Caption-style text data
--------------------------------
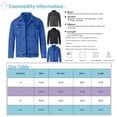 thumbnail image 3 of Men's Casual Workwear Long Sleeve Lapel Collar Denim Jacket Loose Multi Pocket Jacket Denim XL, 3 of 4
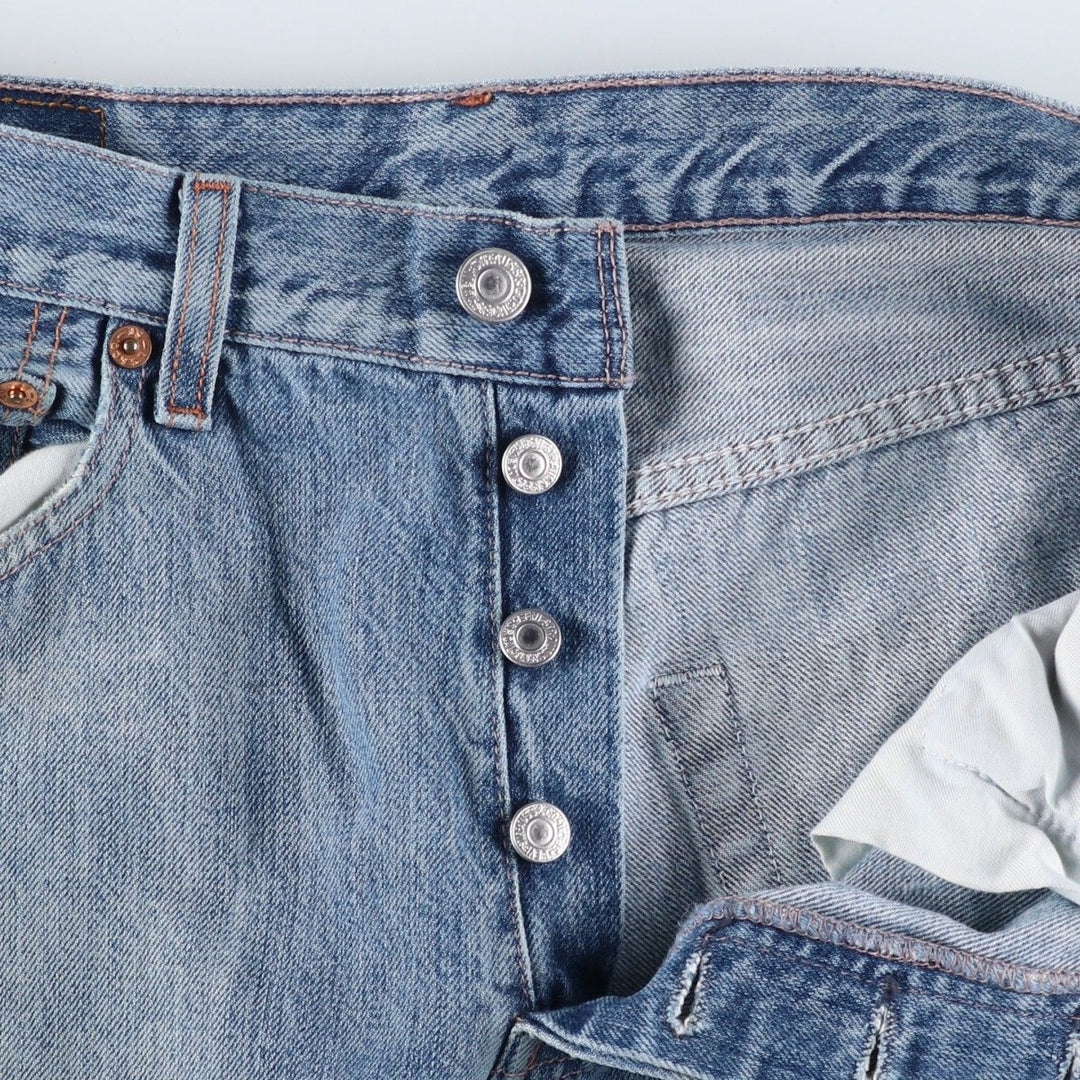 Levi's 501 Euro Model Straight Denim Pants Men's W32 cotton blue type Vintage Second Hand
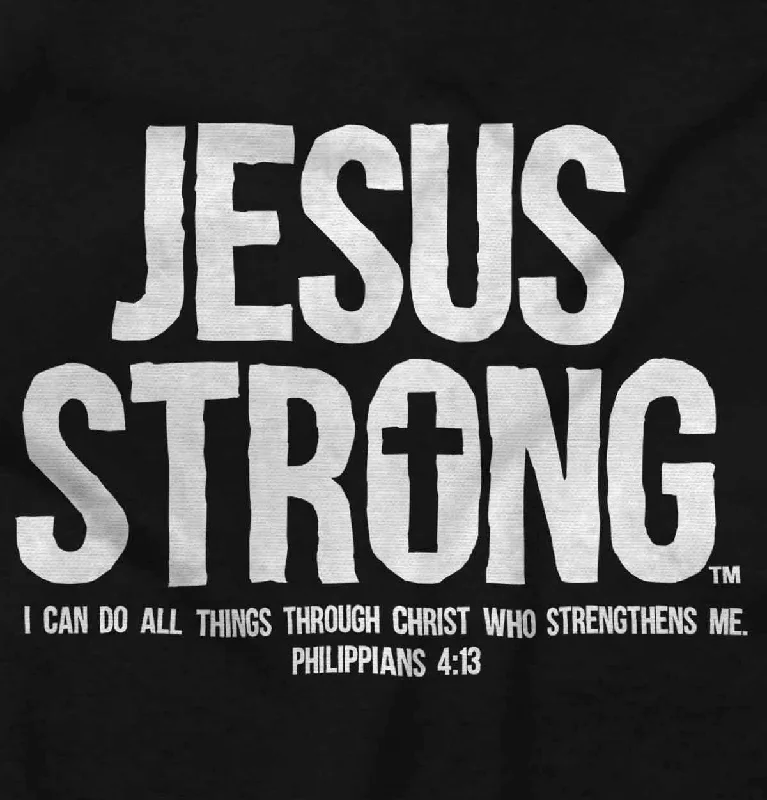 Pocketed Women T Shirt for Added FunctionalityJesus Strong Ladies T Shirt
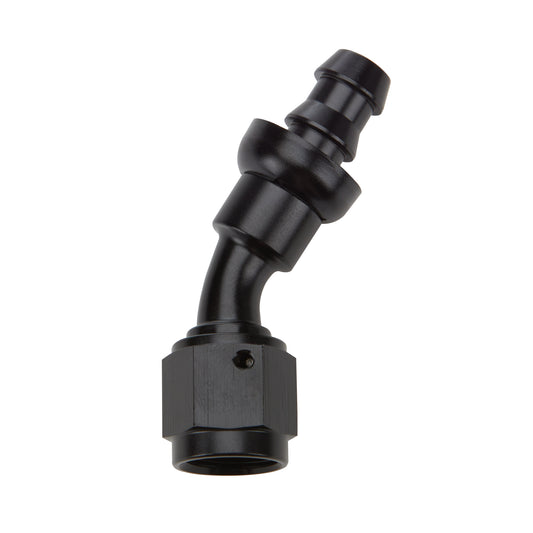 ALLSTAR PERFORMANCE Pushlock Hose End Black 30 Deg Elbow -8 ALLSTAR PERFORMANCE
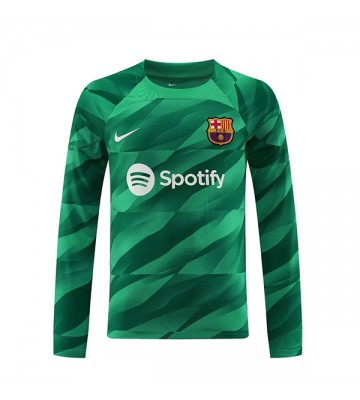 Lacne Muži Futbalové dres Barcelona Brankarsky  2023-24 Dlhy Rukáv - Domáci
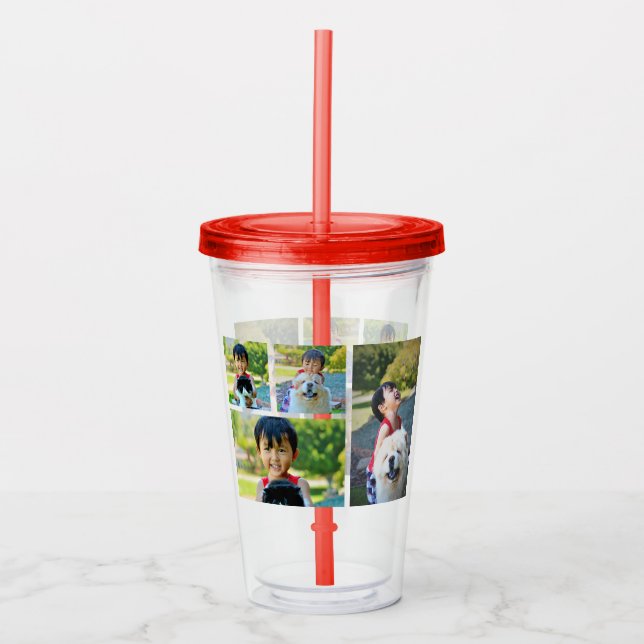 Kundenspezifisches personalisiertes 4 acryltrinkbecher (Vorderseite)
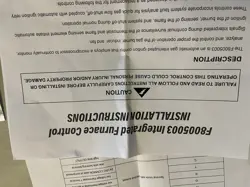 F8005003 INTEGRATED FURNACE CONTROL TRANE, WHITE-RODGERS 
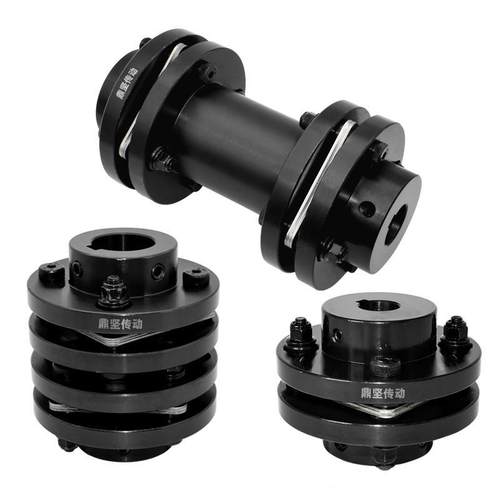 DN膜片联轴器DN单膜片弹性带键槽叠片组电机连轴器膜片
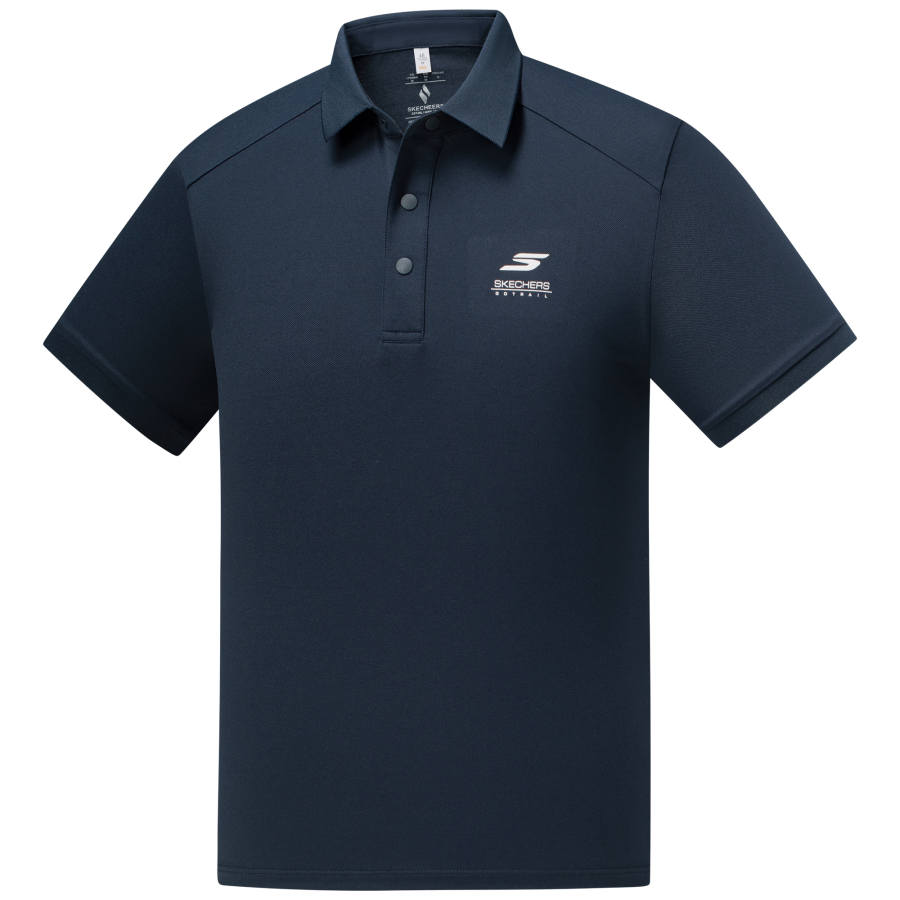 Skechers Classic Multicolor Collection Polo Shirts Men's Navy Blue 6002 Polo Collar Thin Straight Fit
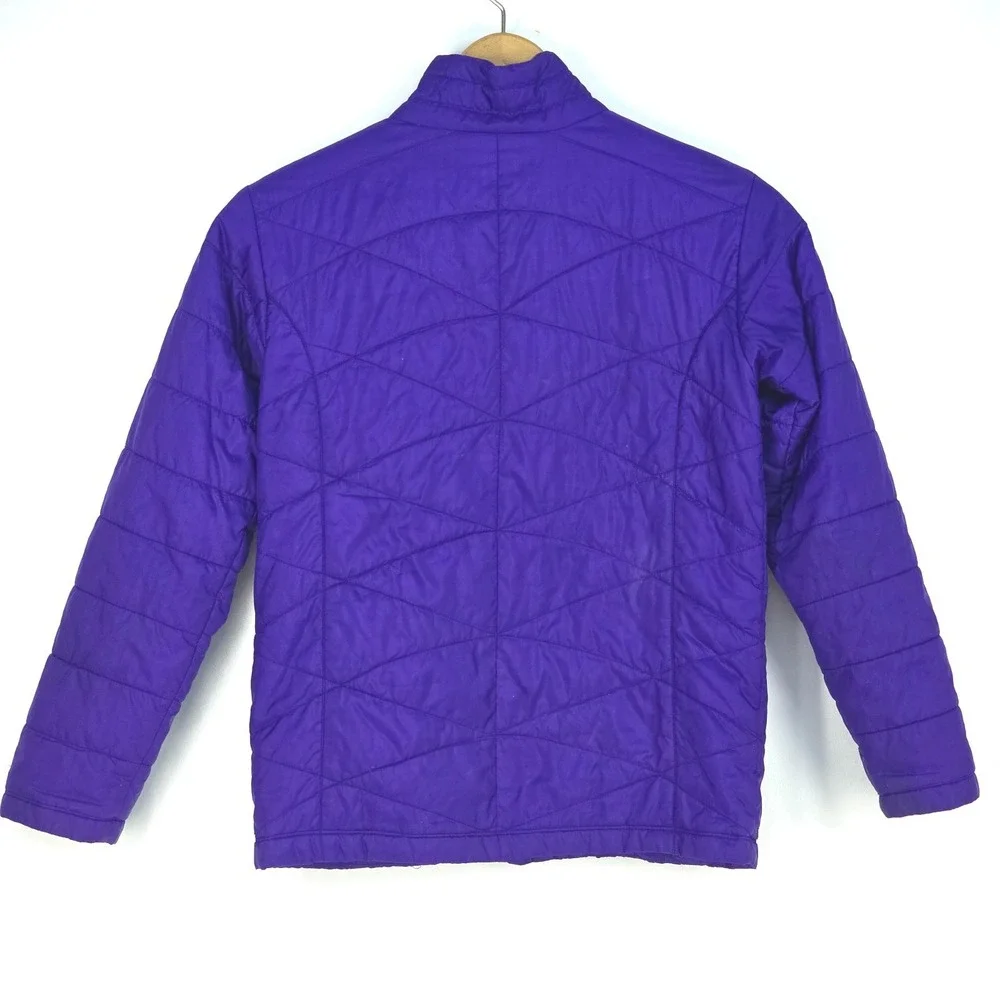 Columbia Omni Heat Puffer Coat Girls Large Deep Purple Full Zip‎ Hooded Winter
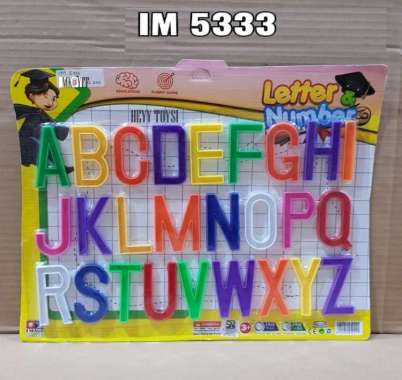 MAINAN EDUKASI ANAK HURUF DAN ANGKA MAGNET MAINAN BELAJAR HURUF IM5333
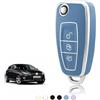 TOOMUME Cover Chiave Auto per Ford Focus MK3 Fiesta Transit Tourneo Custom | Silicone Morbido, Antiurto, Anticaduta, Antigraffio, Custodia Protettiva Chiave per Connect Courier C-Max Kuga Puma Mondeo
--------------------------------
Instructions to follow
Set down every entry above verbatim, without pictures.

Output below
 thumbnail image 3 of Men's Casual Workwear Long Sleeve Lapel Collar Denim Jacket Loose Multi Pocket Jacket Denim XL, 3 of 4
 Levi's 501 Euro Model Straight Denim Pants Men's W32 cotton blue type Vintage Second Hand
 Pocketed Women T Shirt for Added FunctionalityJesus Strong Ladies T Shirt
 ALLSTAR PERFORMANCE Pushlock Hose End Black 30 Deg Elbow -8 ALLSTAR PERFORMANCE
 Lacne Muži Futbalové dres Barcelona Brankarsky  2023-24 Dlhy Rukáv - Domáci
 Kundenspezifisches personalisiertes 4 acryltrinkbecher (Vorderseite)
 F8005003 INTEGRATED FURNACE CONTROL TRANE, WHITE-RODGERS 
 DN膜片联轴器DN单膜片弹性带键槽叠片组电机连轴器膜片
 Skechers Classic Multicolor Collection Polo Shirts Men's Navy Blue 6002 Polo Collar Thin Straight Fit
 Columbia Omni Heat Puffer Coat Girls Large Deep Purple Full Zip‎ Hooded Winter
 MAINAN EDUKASI ANAK HURUF DAN ANGKA MAGNET MAINAN BELAJAR HURUF IM5333
 TOOMUME Cover Chiave Auto per Ford Focus MK3 Fiesta Transit Tourneo Custom | Silicone Morbido, Antiurto, Anticaduta, Antigraffio, Custodia Protettiva Chiave per Connect Courier C-Max Kuga Puma Mondeo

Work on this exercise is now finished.